Where the line containing "Na toll, da" appears in the entries below, begin there and output every line through the last, exactly, minus the pictures.
* * * * * * *
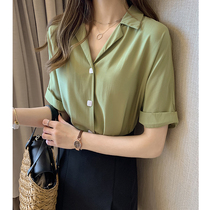 Snowspun Shirt Woman Summer Design Sensation Small Crowd Light Cooked Short Sleeve Foreign Air Green Shirt Temperament With Pituality V Collar Blouse
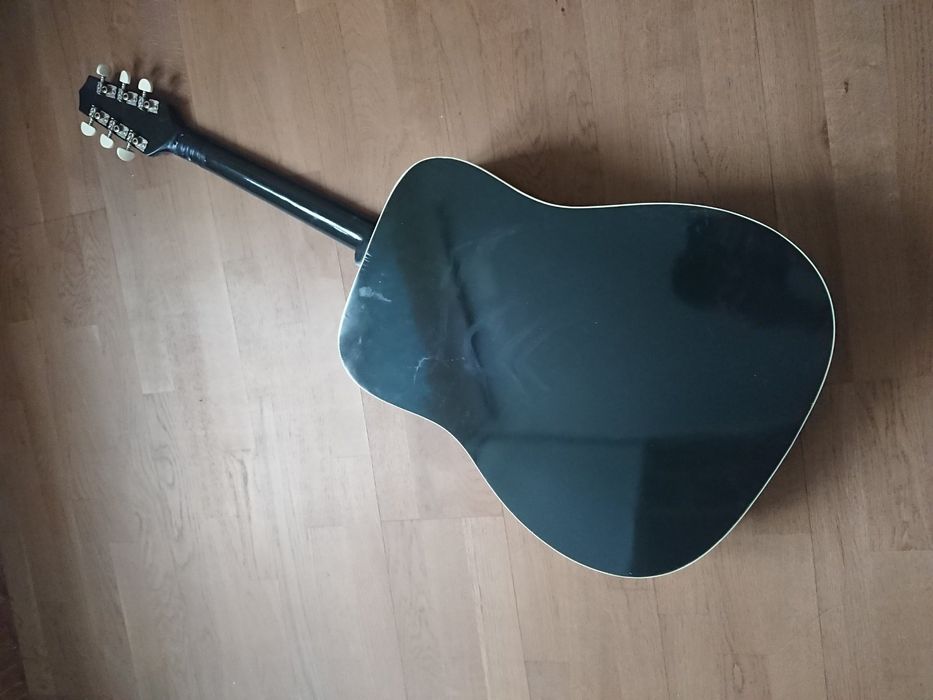 Гітара з чохлом, ще одна є в моїх оголошеннях
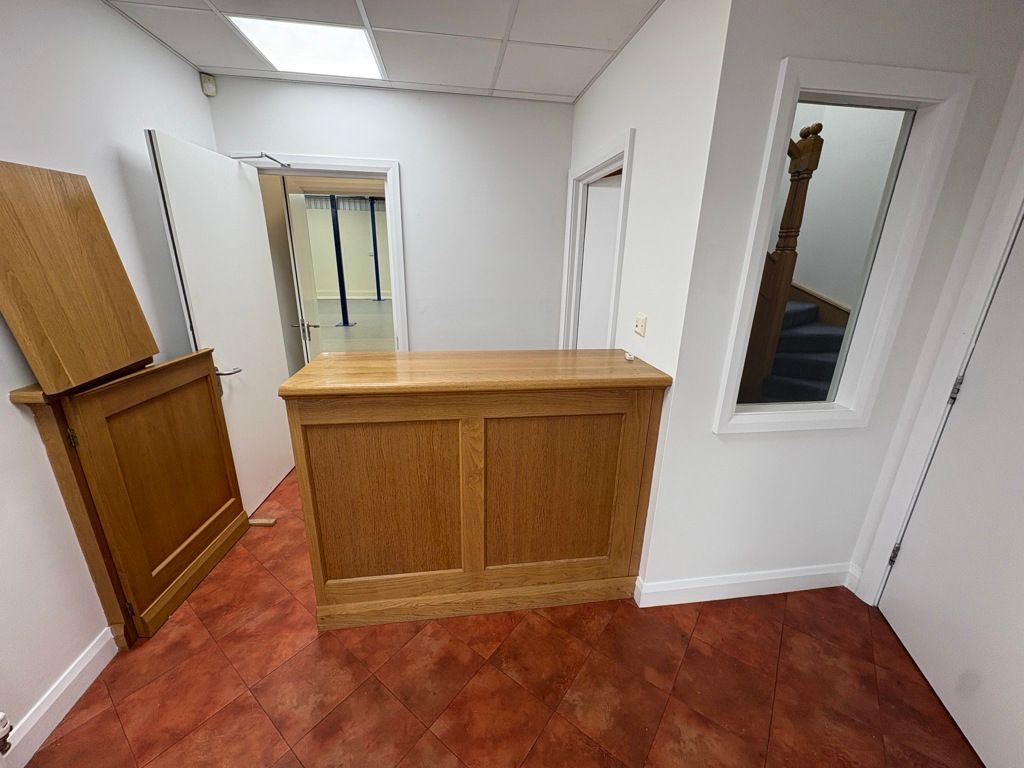 Property photo 2 of 19 Photo 25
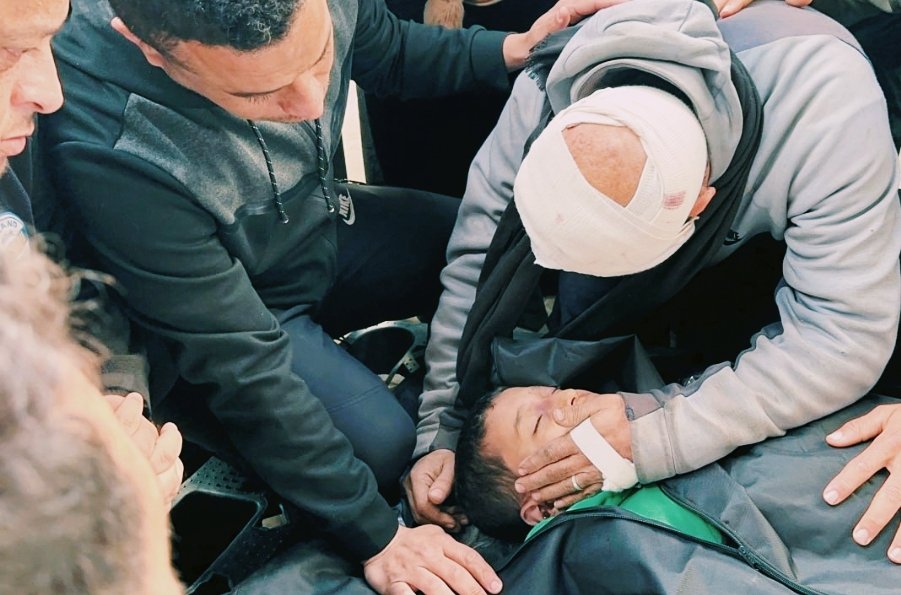 Israeli occupation commits 13 massacres killing 124 in 24 hours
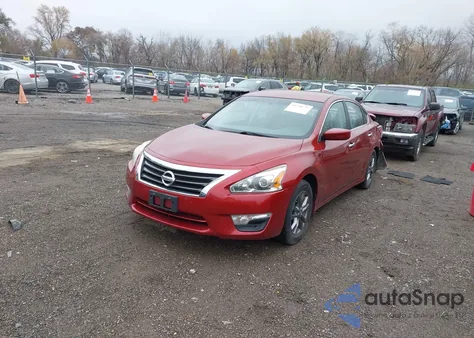 2015 Nissan Altima 2.5 S из США, поврежденный, VIN 1N4AL3AP6FC480549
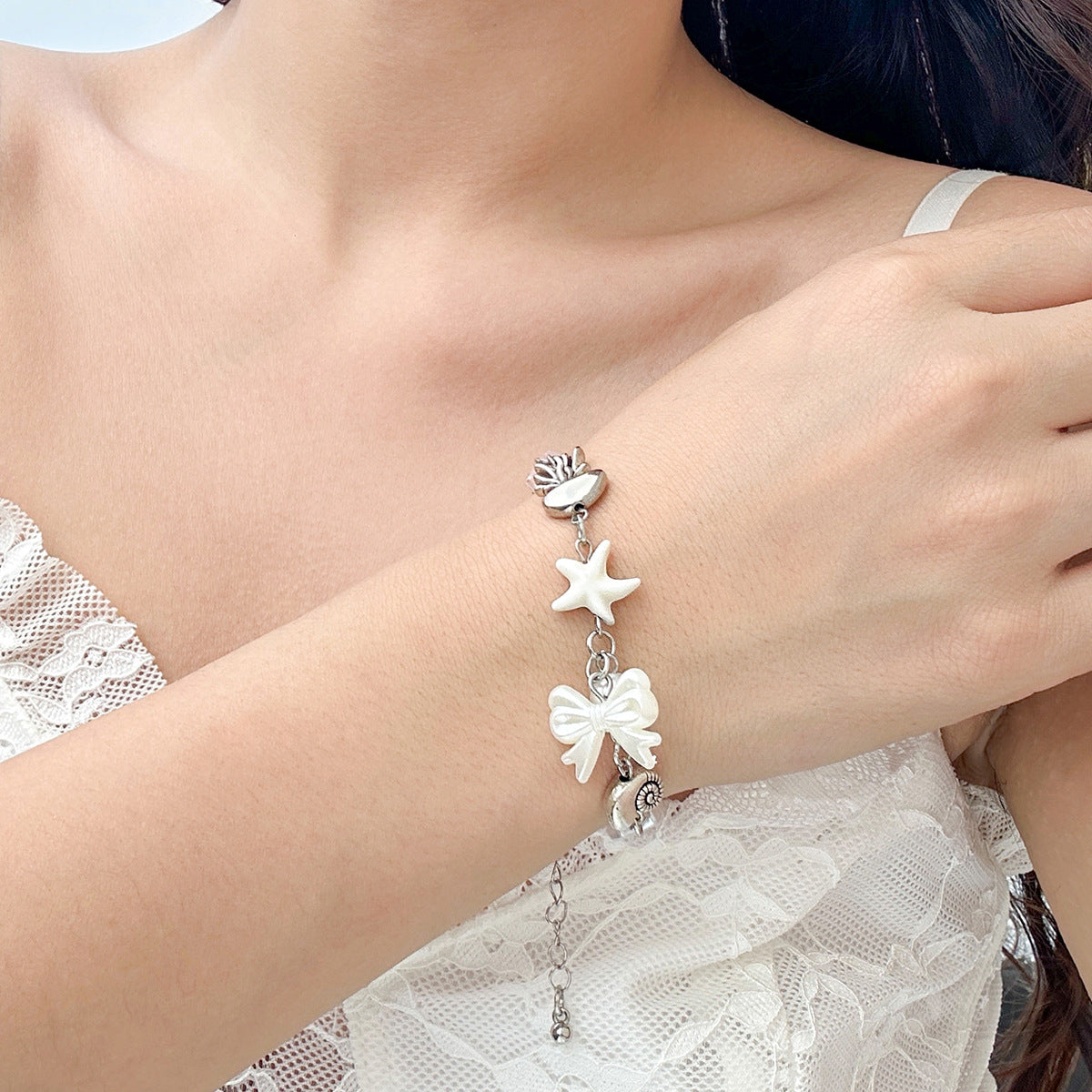 Sweet Plated Alloy Pearl Necklace and Bracelet Set for Women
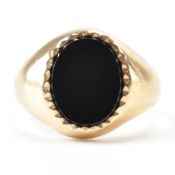HALLMARKED 9CT GOLD & ONYX SIGNET RING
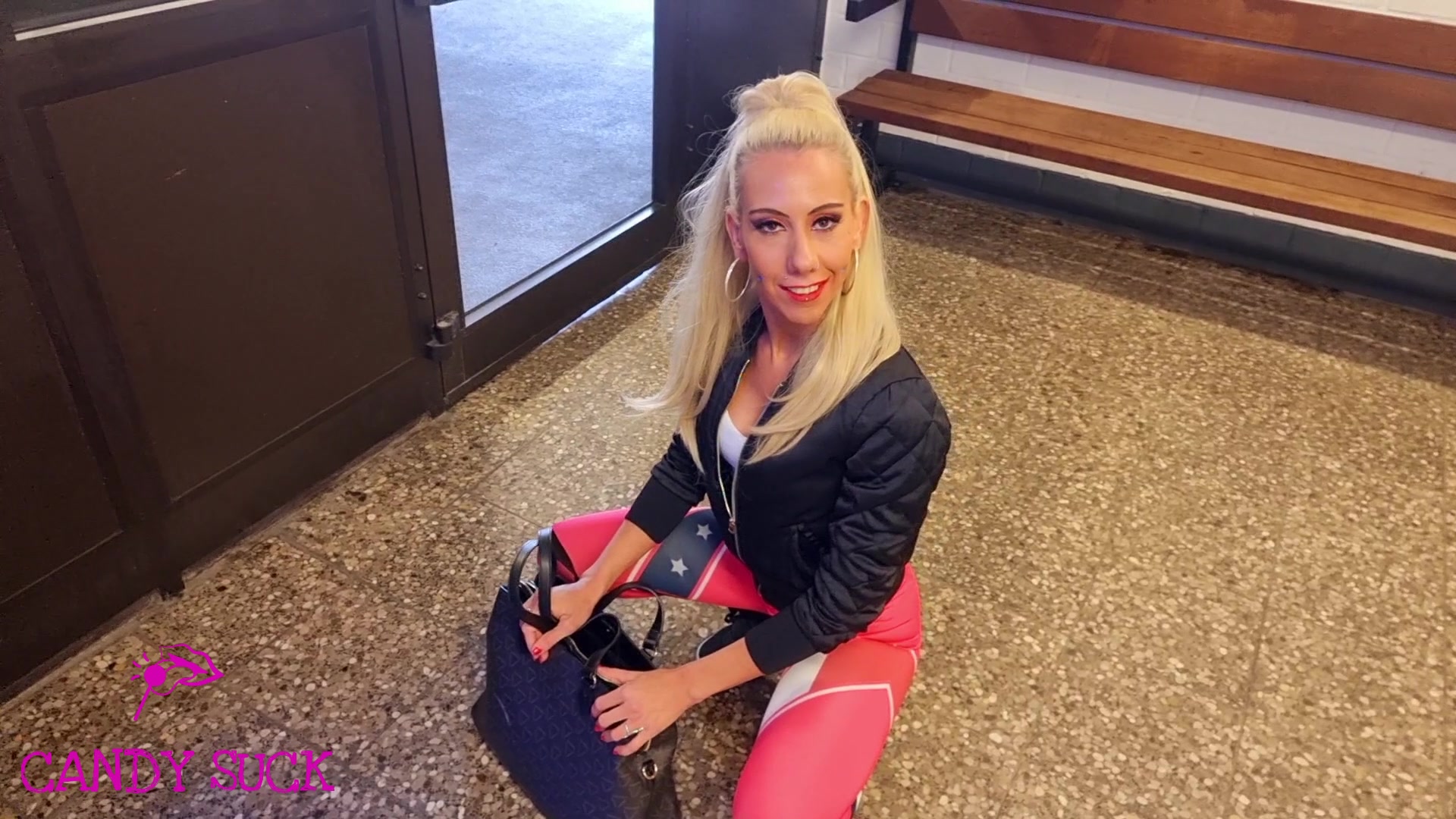 Na toll, da stehe ich, am Parkticket-Automat und hab tatsächlich keinen Geldbeutel dabei ... 
Wie bekomme ich jetzt am schnellsten mein Auto aus dem Parkhaus ? 
Ich muss gar nicht lange überlegen, da bietet sich mir auch schon die Gelegenheit!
* * * * * * *
EXPECTED ANSWER -
 Na toll, da stehe ich, am Parkticket-Automat und hab tatsächlich keinen Geldbeutel dabei ... 
Wie bekomme ich jetzt am schnellsten mein Auto aus dem Parkhaus ? 
Ich muss gar nicht lange überlegen, da bietet sich mir auch schon die Gelegenheit!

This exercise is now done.